GIVEN RECORDS —

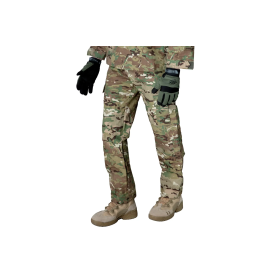 Pantalon tactique SATAC ACU - Résistant et fonctionnel, taille L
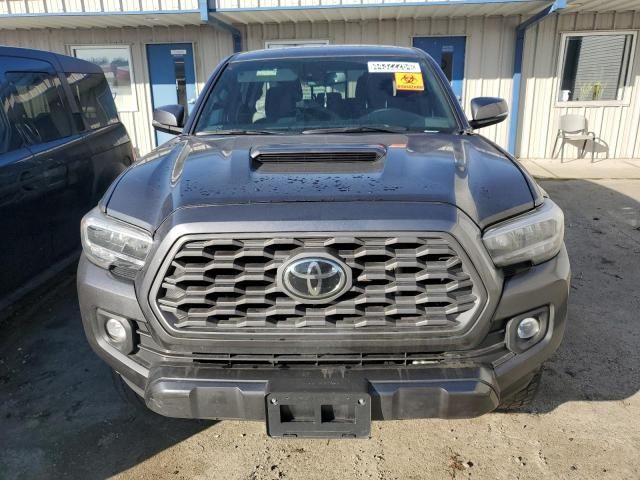 2023 Toyota Tacoma Double Cab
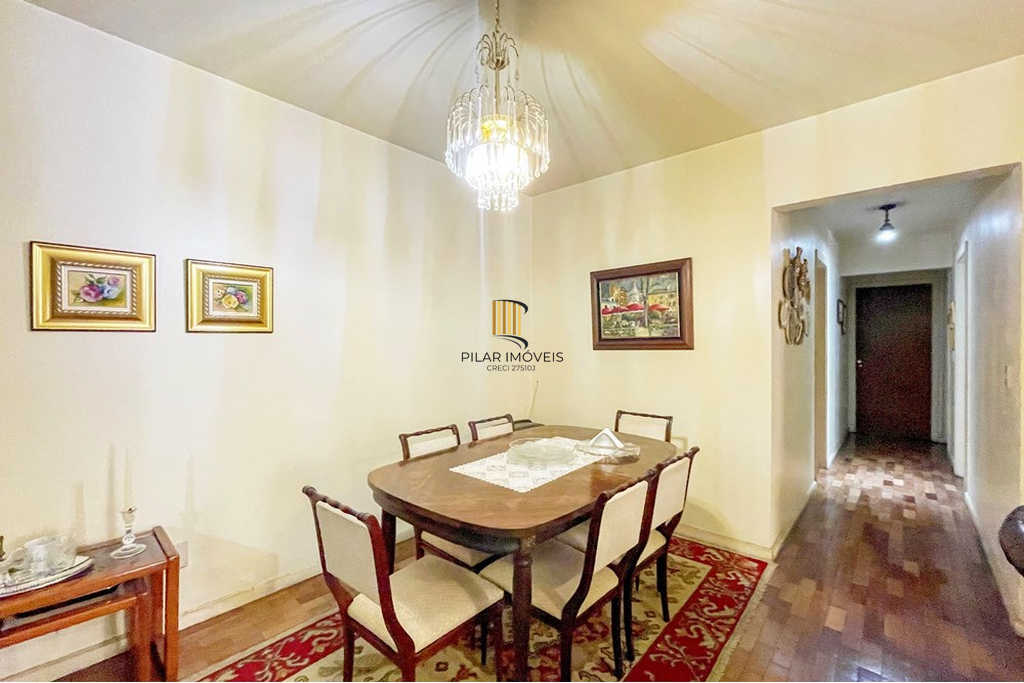Apartamento 3 dormitórios no bairro Petrópolis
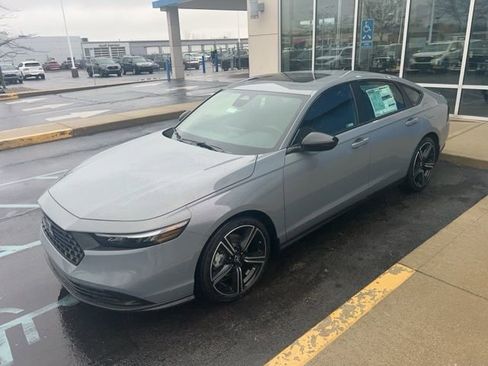 New 2026 Honda Accord Sport image 2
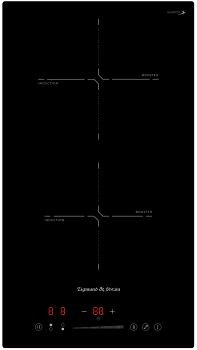 Zigmund & Shtain CI 60.3 B Фото товара: Zigmund & Shtain CI 60.3 B индукционная поверхность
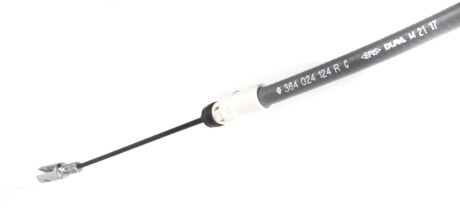 Фото 3 - Трос ручного тормоза RENAULT 364024124R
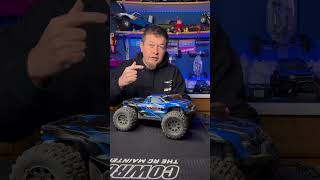 Don’t blow up your @traxxas mini maxx :s upgrades are coming soon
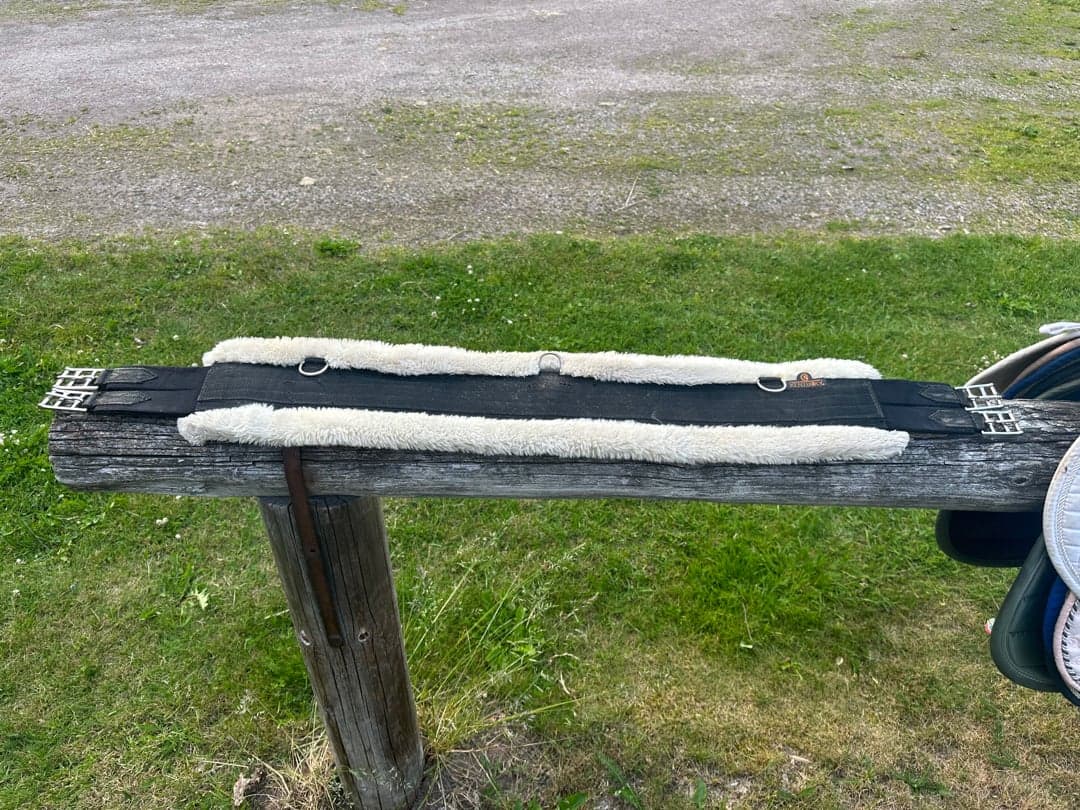 Bild 1 av Sadelgjord Kentucky Fluff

BRIEF —
Pictures are skipped here. Print exactly, and only, the lines from the one holding "New 2026 Honda Accord Sport image 2" through the final line of the material above, both ends included.

RESULT —
 New 2026 Honda Accord Sport image 2
 Zigmund & Shtain CI 60.3 B Фото товара: Zigmund & Shtain CI 60.3 B индукционная поверхность
 Фото 3 - Трос ручного тормоза RENAULT 364024124R
 Don’t blow up your @traxxas mini maxx :s upgrades are coming soon
 Bild 1 av Sadelgjord Kentucky Fluff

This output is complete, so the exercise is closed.